METELLO Numidico, Quinto Cecilio (Q. Caecilius Metellus Numidicus)
Figlio di L. Cecilio Metello Calvo, probabilmente pretore nel 112 a. C., propretore in Sicilia (processato e assolto per tale sua amministrazione), console nel 109 con M. Giunio Silano, e incaricato del comando nella guerra contro Giugurta dopo gl'insuccessi del console Aulo Albino. Giunto in Africa, soltanto ai primi di maggio del 109 poté intraprendere le operazioni. Iniziò subito una marcia diretta verso Hippo Regio passando per Bulla Regia; occupò Vaga per assicurarsi un centro di rifornimenti e una base di operazioni e alla fine di maggio era a circa 50 miglia dalla meta. La strada passava accanto al fiume Muthul (l'odierno Oued en-Namous), Giugurta e Bomilcare si posero nelle località alte circostanti alla pianura, allo scopo d'impedire a M. lo sfilamento verso nord. Lo scontro terminò con un successo tattico dei Romani, ma M. fu obbligato ad abbandonare il progetto della marcia su Hippo Regio e si spinse invece verso sud sino ai dintorni di Sicca Veneria e di Zama. Nella seconda campagna (108) M. cinse d'assedio Zama, non riuscendo, però, né a conquistare la città, né a costringere Giugurta a una battaglia in campo aperto, ma tuttavia ponendo presidio in tutte le località intermedie conquistate. Alla fine della campagna ebbe inutili trattative con Giugurta. Intanto la popolazione di Vaga si era ribellata, massacrando gran parte del presidio romano, ma, con un breve assedio, M. riuscì a riconquistare la città. La terza campagna (107) portò due nuove lunghe spedizioni, una verso sud, a Thala, uno dei centri di Giugurta, e l'altra a Cirta (odierna Costantina). Nel 107 stesso M. fu sostituito nel comando dal suo ex-luogotenente C. Mario, dopo aver condotto in tre campagne la guerra con prudenza e fermezza, con la tattica delle lunghe spedizioni a titolo dimostrativo, avendo come obiettivo i principali centri di resistenza del nemico. Nel 106 ebbe in Roma gli onori del trionfo; nel 102 fu censore con C. Cecilio Metello Caprario, ma non riuscì a colpire con la nota censoria Appuleio Saturnino e Servilio Glaucia, per escluderli dal senato; e nel 100, essendo tribuno Saturnino, preferì andare in esilio a Rodi che prestare il giuramento imposto dalla legge Appuleia agraria in favore di Mario e dei suoi veterani; alla fine del movimento, la reazione oligarchica lo richiamò dall'esilio (legge Calidia, 99 a. C.). Sulla successiva carriera e sulla fine di M. non si hanno particolari precisi.

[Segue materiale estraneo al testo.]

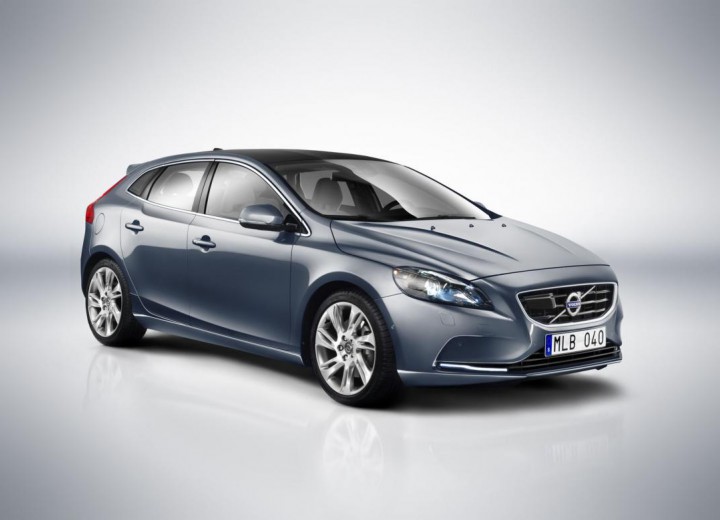 Технически характеристики за Volvo V40 (2012) - picture 4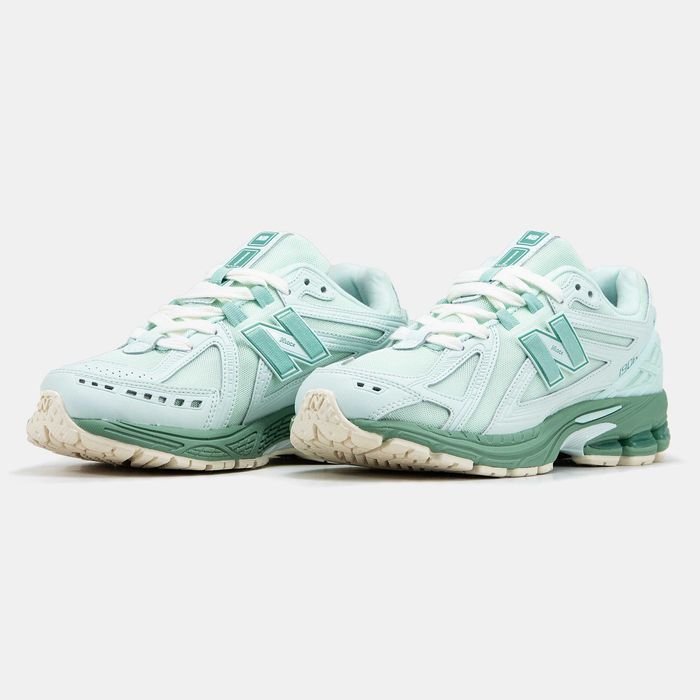 Кросівки New Balance 1906R Mint/Green premium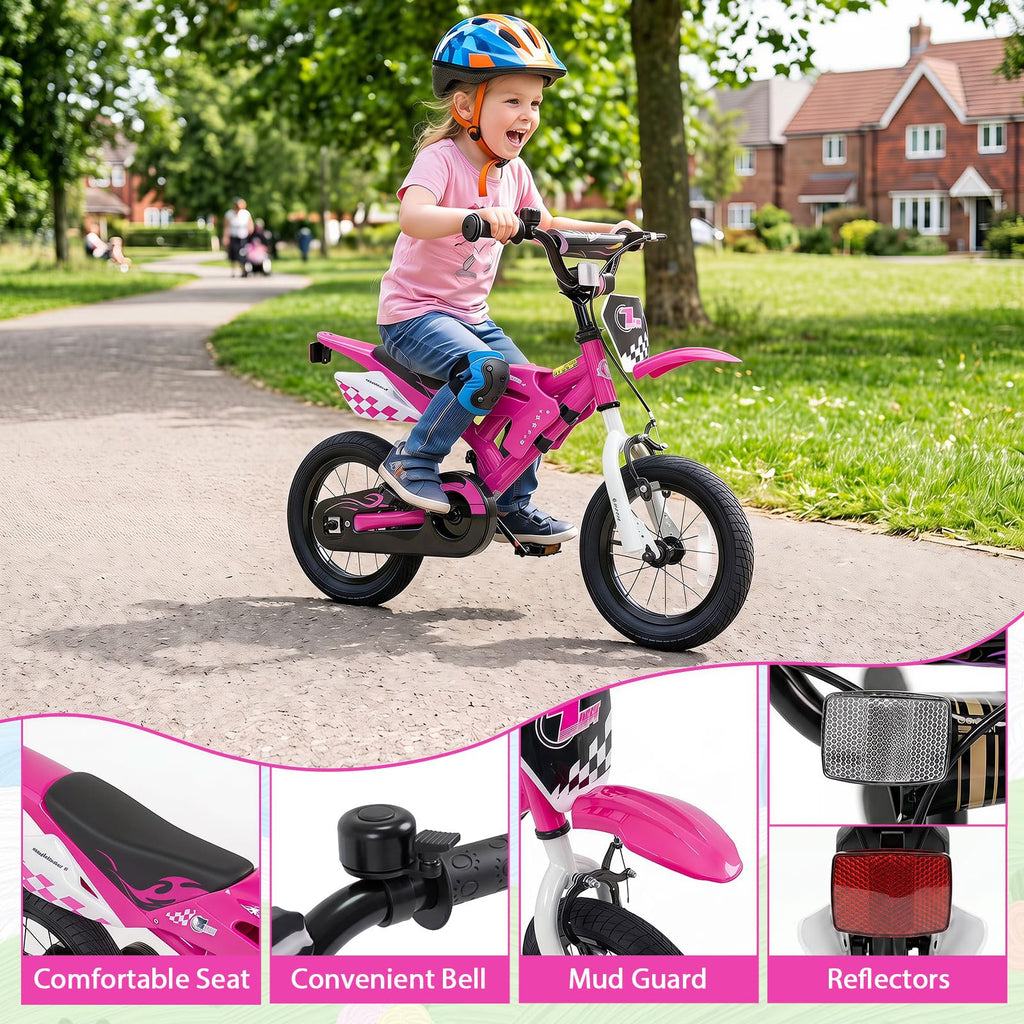 Kids Bike 3-4 Years Old O68142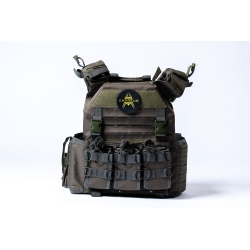 SPIDER Modular Plate Carrier "MPC" - Olivový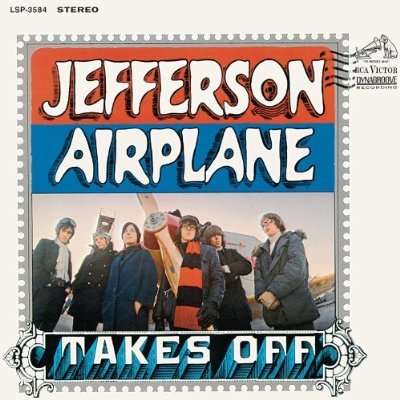 Jefferson Airplane: Takes Off, CD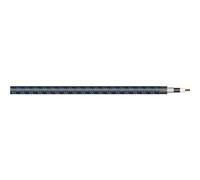 Sommer Cable 300-0112 Cavo per strumenti 1 x 0.5 mm² Nero, Blu Merce a metro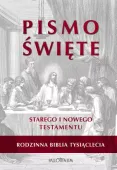 Rodzinna Biblia Tysiąclecia z rysunkami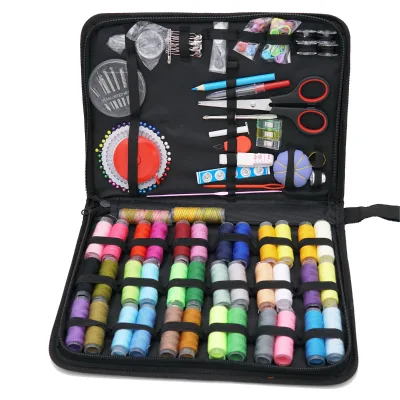 Portable Sewing Kit Storage Bag Travel Sewing Kit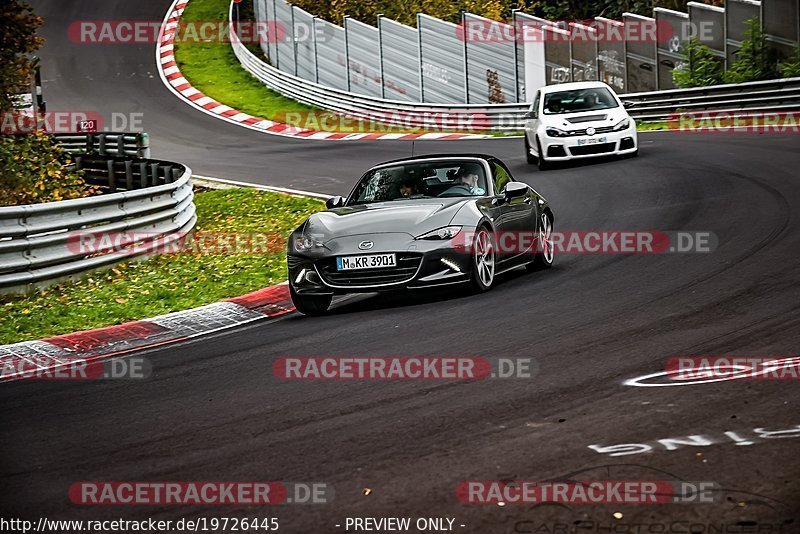 Bild #19726445 - Touristenfahrten Nürburgring Nordschleife (23.10.2022)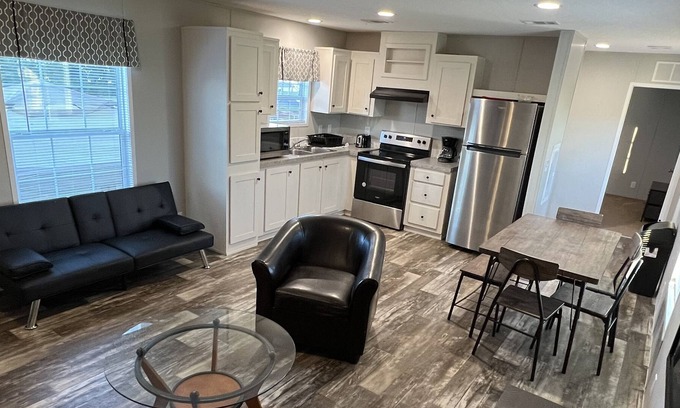 Nichols Casa | Spacious 3-bedroom with large fenced in yard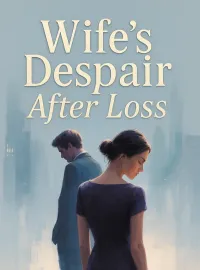 Wife's Despair After Loss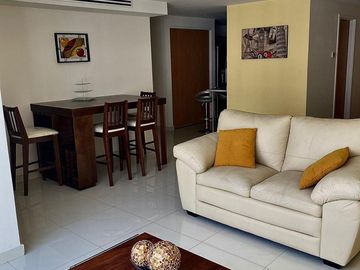 Departamento Amueblado en Vitant (La Capital)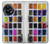 S3956 Watercolor Palette Box Graphic Hülle Schutzhülle Taschen für OnePlus 11R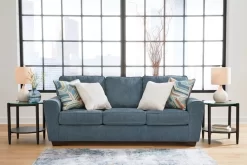 Signature Design By Ashley® Cashton Blue Sofa 10 Signature Design By Ashley® Cashton Blue Sofa -Furniture comprehensive store 9d07d722 d0d4 4efe 9c71 b6ee1a89ece4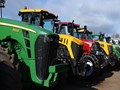Tractor Manufacturers Grab a Ride on Farm Machinery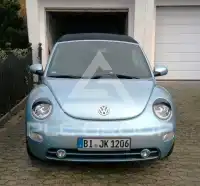 2003 Volkswagen BEETLE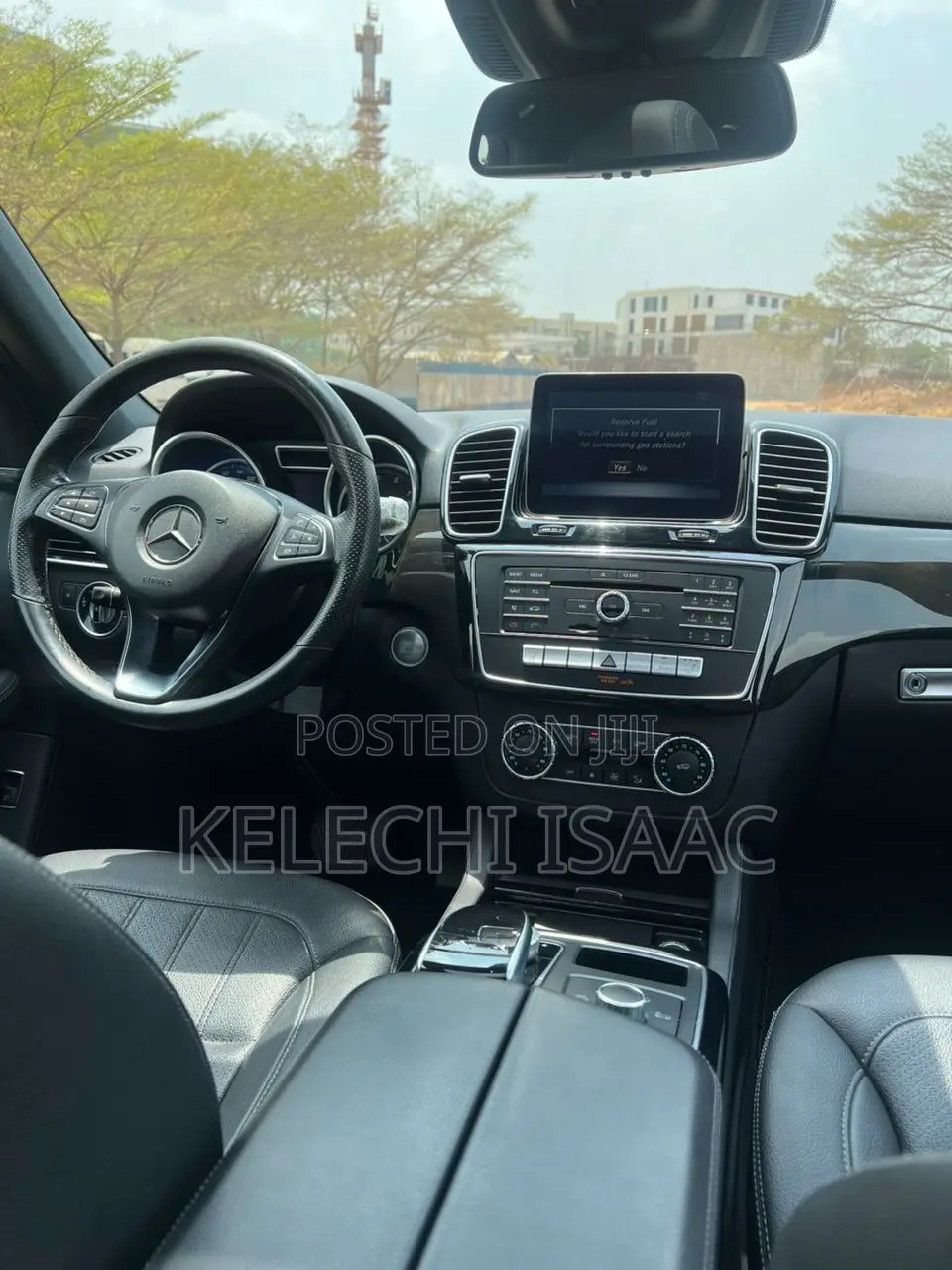 Mercedes-Benz GLE-Class GLE 350d 4MATIC 2017 White
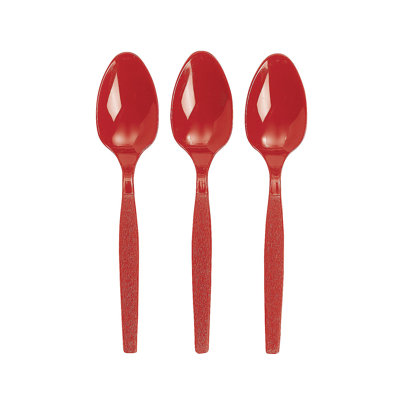 Disposable Spoons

Bibl.: A. H. J. Greeenidge, A History of Rome, I, Londra 1904, pp. 380-435; S. Gsell, hist. anc. de l'Afrique du nord, VII, Parigi 1928; G. De Sanctis, in Atti II Congresso naz. di studi rom., 1930 (Problemi di storia ant., Bari 1932, p. 215 segg.); M. A. Levi, ibid. e in Atene e Roma, VII (1925), p. 188 segg.